The boy ran quickly to the Sphinx and rubbed his hand lightly against her stone flank, then clambered up her side, panting, reaching for toe and finger holds, until he had reached her great head. “This is what you will keep,” he said, and gave her a kiss. “You will keep my love.”
“That is always your answer, isn’t it? The most difficult answer of all.”
The boy scrambled down the Sphinx’s side, gave a leap, and bounded onto the sand.
The sun lifted above the horizon, and Sphinx, camel, and child turned to gold.
“Come on. I shall have to run all the way in the heat.” The camel knelt by the boy, who climbed up on the hump and took up the reins. He raised his hand once more to th
e Sphinx in salute.
The camel turned and began to gallop across the desert, rocking wildly, so that the boy had to hang on tightly to keep from falling off and could not see the shadow moving across the stone body of the Sphinx.
The Sphinx lay crouched, immobile, lifeless and inert stone. Her vacant eyes did not know the camel and the boy as they disappeared over the horizon.
A Biography of Madeleine L’Engle
Madeleine L’Engle was the award-winning author of more than sixty books encompassing children’s and adult fiction, poetry, plays, memoirs, and books on prayer. Her best-known work is the classic children’s novel A Wrinkle in Time, which won the Newbery Medal for distinguished children’s literature and has sold fourteen million copies worldwide.

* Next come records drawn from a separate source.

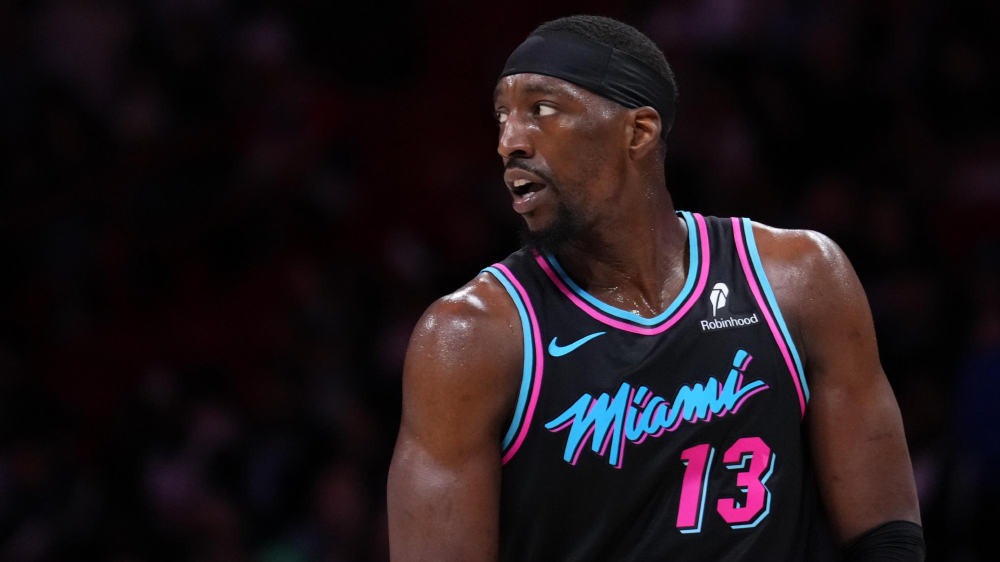 Chủ tịch Pat Riley: Miami Heat sẽ kh&ocirc;ng trao đổi Bam Adebayo trừ khi nhận được 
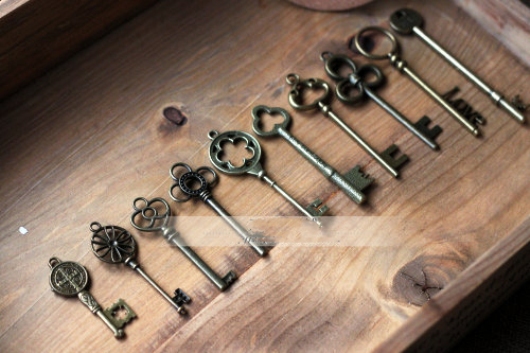 Chìa khóa kim loại giả cổ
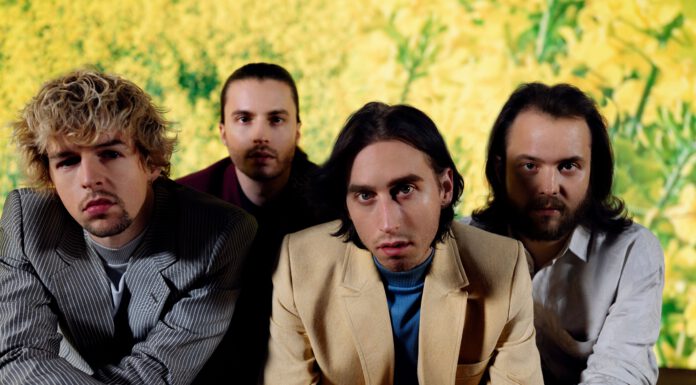 Bilderbuch Video zu Nahuel Huapi und Daydrinking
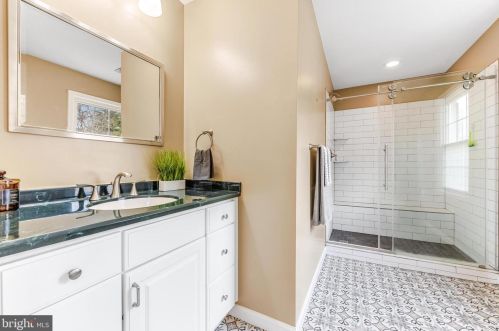 5006 Ten Mills Rd, Columbia MD 21044-1527 exterior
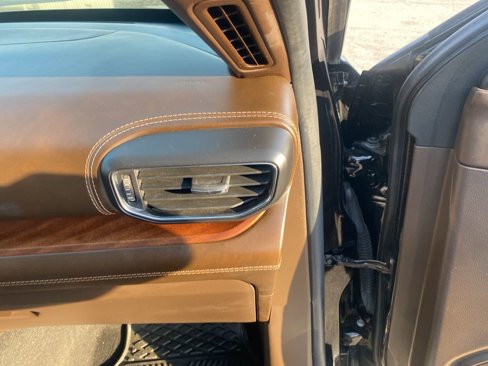 Used 2021 Ford Explorer King Ranch w/ Premium Technology Package image 24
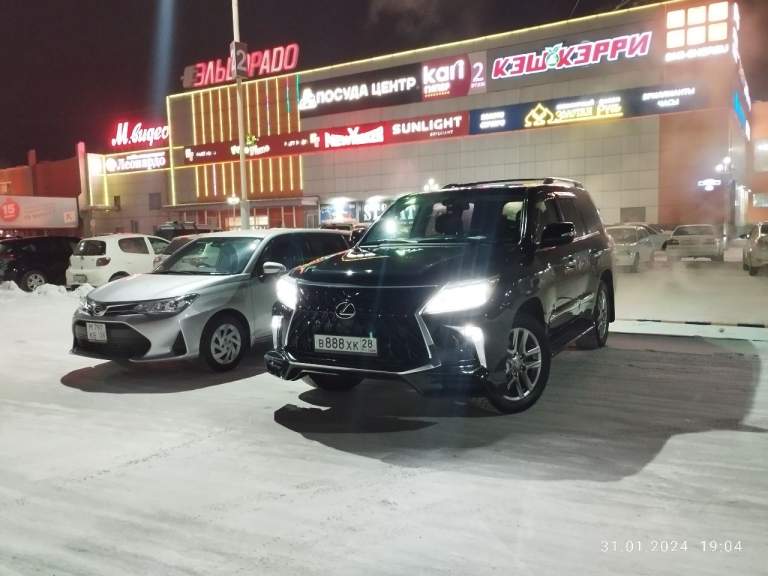 Продам легендарный японский внедорожник премиум класса lexus lx570 2013 года в максимальной комплектации. .. Привезен с дальнего востока в этом году. .. Все работает на 5, сел и поехал. .. Единственный в нашем городе! Цена 6🍋, торга нет!звонить, писать +79493387175 - фотография - 3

The Washington Post called the science fantasy tale of an adolescent girl and her telepathic brother’s journey through space and time “one of the most enigmatic works of fiction ever created.”
L’Engle was born on November 29, 1918, in New York City, where both of her parents were artists—her mother a pianist and her father a novelist, journalist, and music and drama critic for the New York Sun. Although she wrote her first story at the age of five and devoted her time to her journals, short stories, and poetry, L’Engle struggled in school and often felt disliked by her teachers and peers. She recalled one of her elementary school teachers calling her stupid and another accusing her of plagiarism when she won a writing contest.

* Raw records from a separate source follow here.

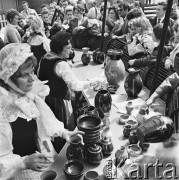 28.05.1972, Warszawa, Polska.
Cepeliada, stoisko z wyrobami ceramicznymi.
Fot. Jarosław Tarań, zbiory Ośrodka KARTA [72-58]
 
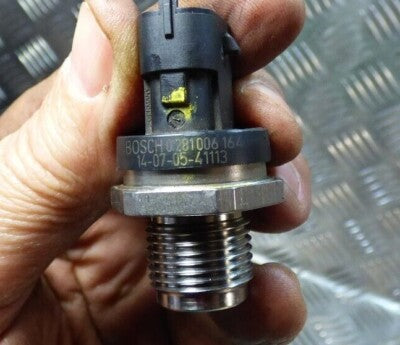 Jeep Cherokee KL 2.0 CRD 2015 Kraftstoffdrucksensor BOSCH ORIGINAL gebraucht - 0281006164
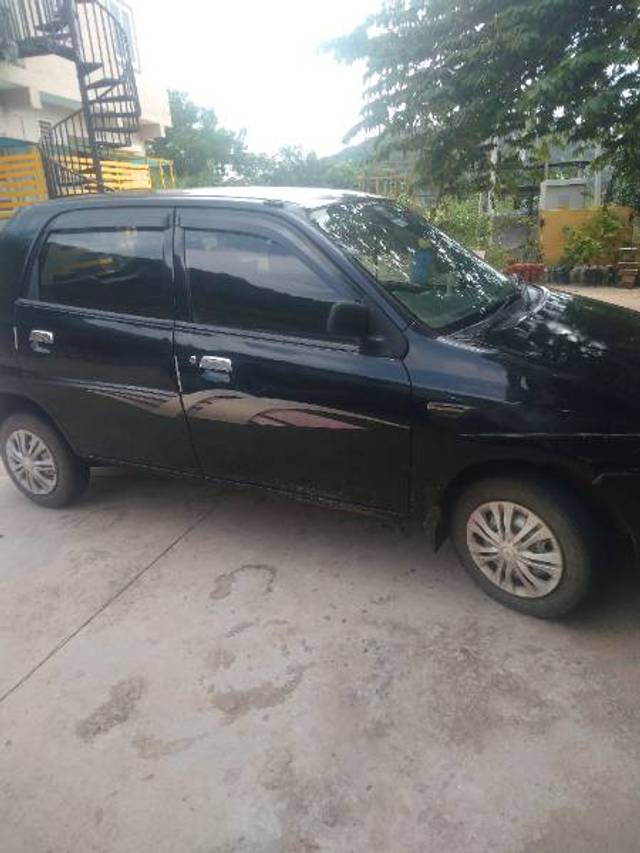 https://images10.gaadi.com/usedgaadi-sellcar/UsedCar/e7239d3f-c36d-4bda-8262-515649b8b02b/c9cb1f41-1eff-4fe3-a8f3-3181911c29a6.jpg?imwidth=6401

At twelve, L’Engle and her family moved to France for her father’s health (he had been a soldier during World War I and suffered lung damage), and she was sent to boarding school in the Swiss Alps. Two of her novels, A Winter’s Love and The Small Rain, drew on her experiences in Europe. She returned to the United States three years later to attend another boarding school in Charleston, South Carolina. L’Engle flourished during these years and went on to graduate from Smith College with honors in English.
After college, she moved back to New York City and started work as a stage actress while devoting her free time to writing. During this time, she published her first two novels, The Small Rain and Ilsa, and wrote many plays that were produced in regional theaters. While touring in a production of Anton Chekhov’s The Cherry Orchard as an understudy, she met actor Hugh Franklin, and they married in 1946. After the birth of their daughter Josephine the following year, they bought an old farmhouse, which they called Crosswicks, in Goshen, a small town in rural Connecticut, planning on weekends in the country. When she became pregnant with their second child, Bion, they moved to Crosswicks permanently and ran the local general store. Their family grew with an adopted daughter, Maria. After nearly a decade in Connecticut, they moved back to New York so her husband, who would go on to star in All My Children, could focus on his acting career. She was happy to return and hoped that she would find success as an author again. Indeed, A Wrinkle in Time was published in 1962.